Exercise instructions — Starting with the first line below, extract each line through the one that contains "Bark Ghost Face", inclusive, excluding pictures.

Supplied information —
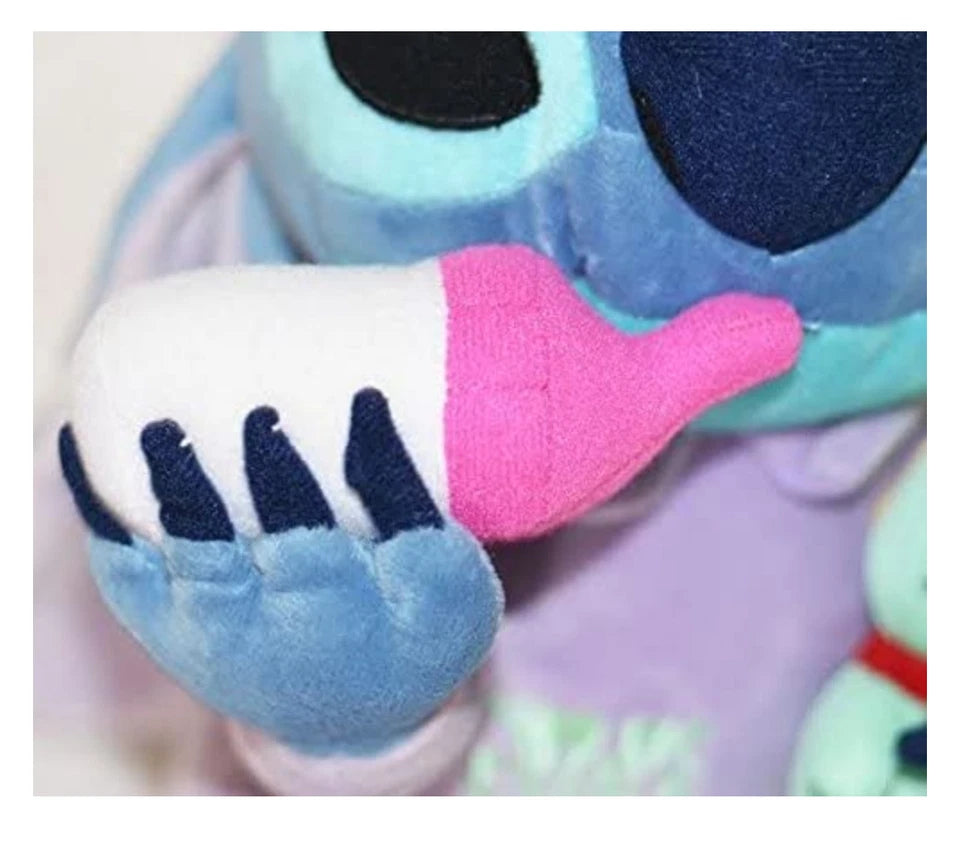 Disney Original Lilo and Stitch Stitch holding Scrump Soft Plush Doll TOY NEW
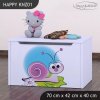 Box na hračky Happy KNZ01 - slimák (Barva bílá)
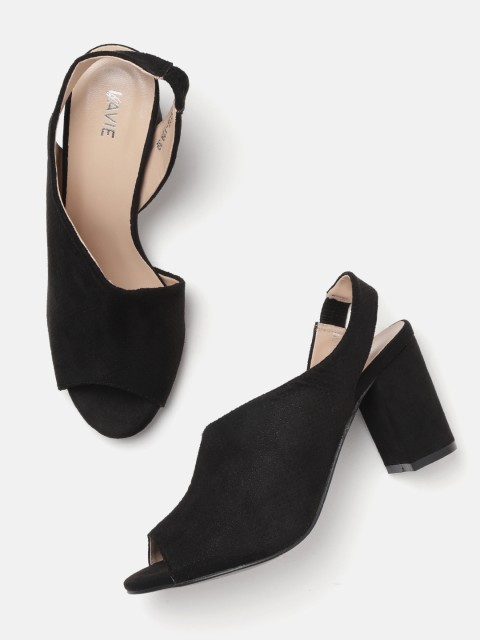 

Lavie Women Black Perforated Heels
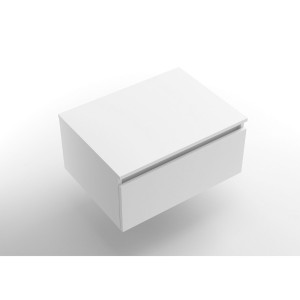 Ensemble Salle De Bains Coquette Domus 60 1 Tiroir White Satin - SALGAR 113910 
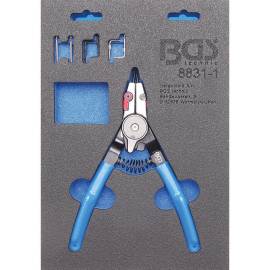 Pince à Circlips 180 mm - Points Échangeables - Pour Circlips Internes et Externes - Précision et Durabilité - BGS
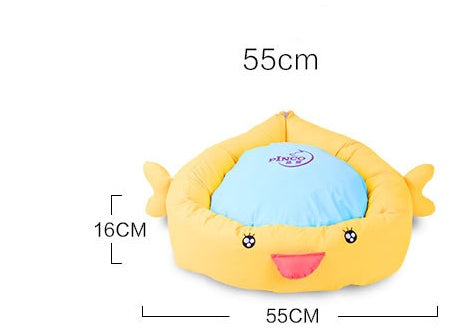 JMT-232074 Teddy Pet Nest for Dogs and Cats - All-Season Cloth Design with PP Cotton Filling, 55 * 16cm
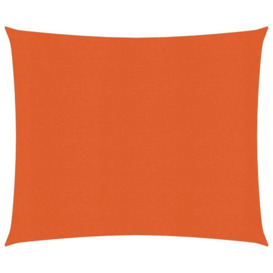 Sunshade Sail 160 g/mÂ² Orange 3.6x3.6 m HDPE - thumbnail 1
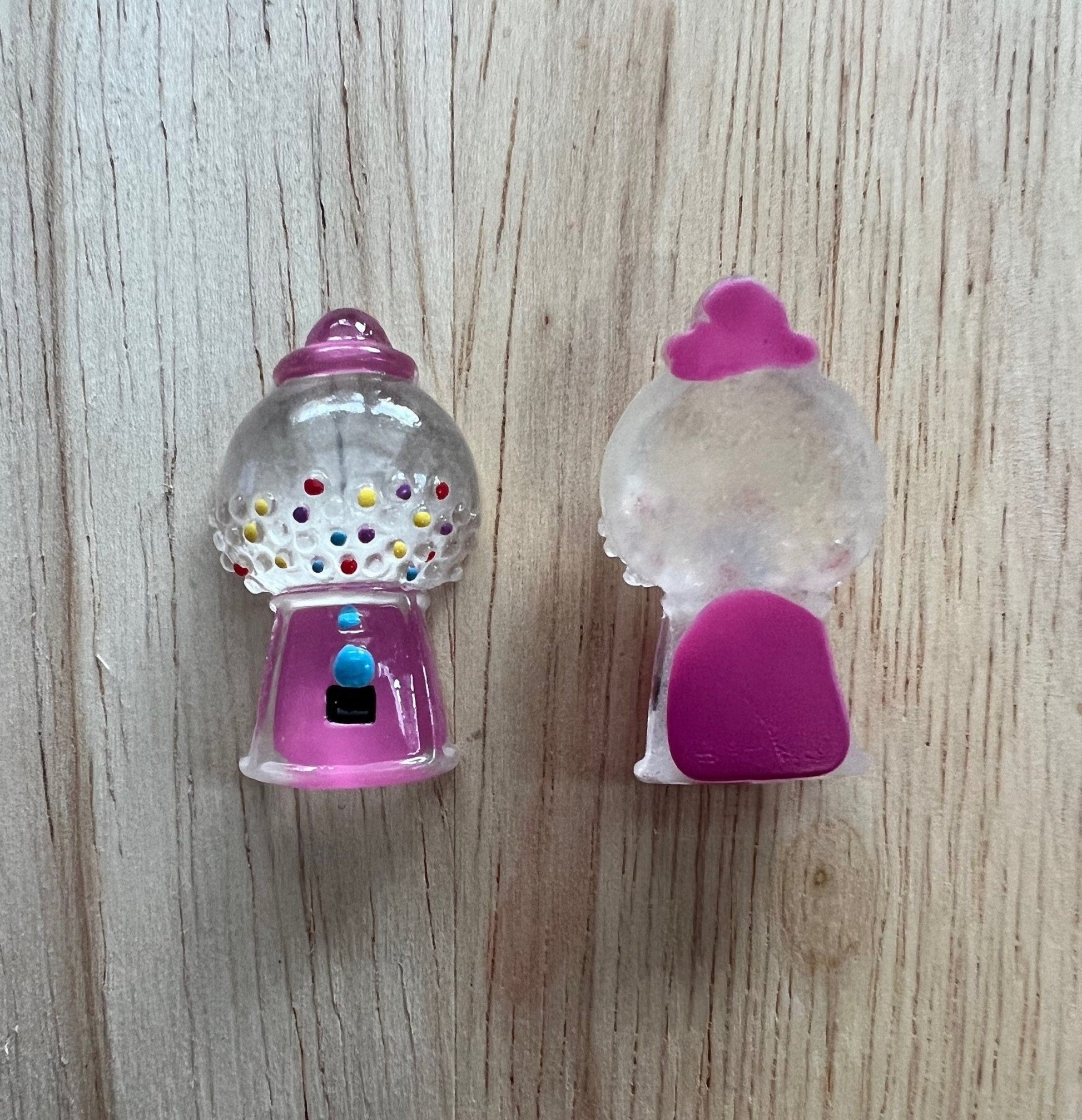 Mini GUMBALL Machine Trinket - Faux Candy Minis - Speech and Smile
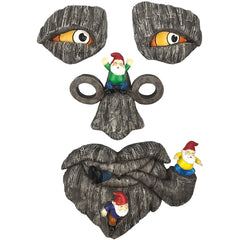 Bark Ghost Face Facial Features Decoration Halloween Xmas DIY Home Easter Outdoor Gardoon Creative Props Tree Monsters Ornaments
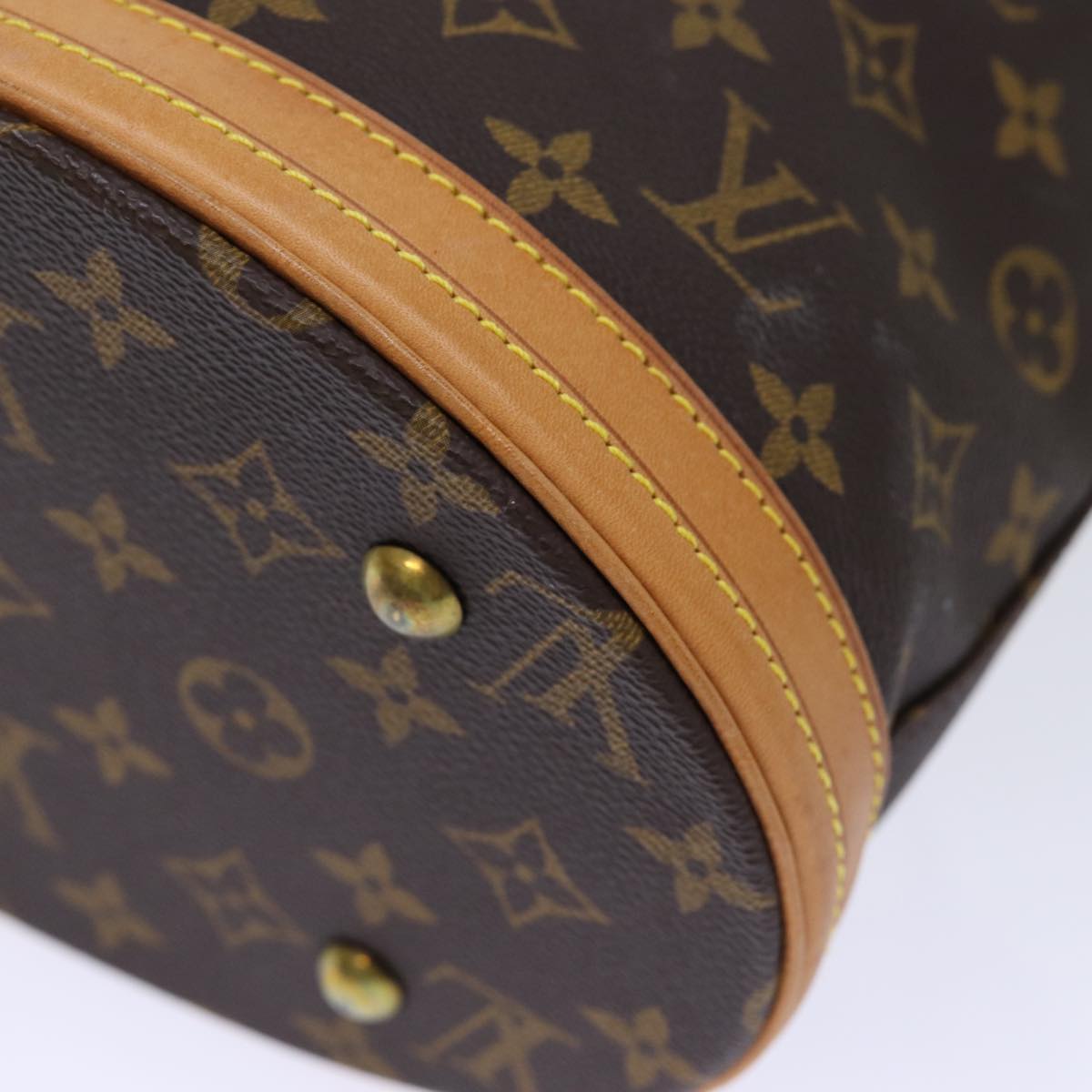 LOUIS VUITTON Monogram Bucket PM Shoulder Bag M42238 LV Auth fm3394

Solution to this task —
 Disney Original Lilo and Stitch Stitch holding Scrump Soft Plush Doll TOY NEW
 Box na hračky Happy KNZ01 - slimák (Barva bílá)

Lavie Women Black Perforated Heels
 Ensemble Salle De Bains Coquette Domus 60 1 Tiroir White Satin - SALGAR 113910 
 Pince à Circlips 180 mm - Points Échangeables - Pour Circlips Internes et Externes - Précision et Durabilité - BGS
 JMT-232074 Teddy Pet Nest for Dogs and Cats - All-Season Cloth Design with PP Cotton Filling, 55 * 16cm
 Sunshade Sail 160 g/mÂ² Orange 3.6x3.6 m HDPE - thumbnail 1
 Mini GUMBALL Machine Trinket - Faux Candy Minis - Speech and Smile
 Bark Ghost Face Facial Features Decoration Halloween Xmas DIY Home Easter Outdoor Gardoon Creative Props Tree Monsters Ornaments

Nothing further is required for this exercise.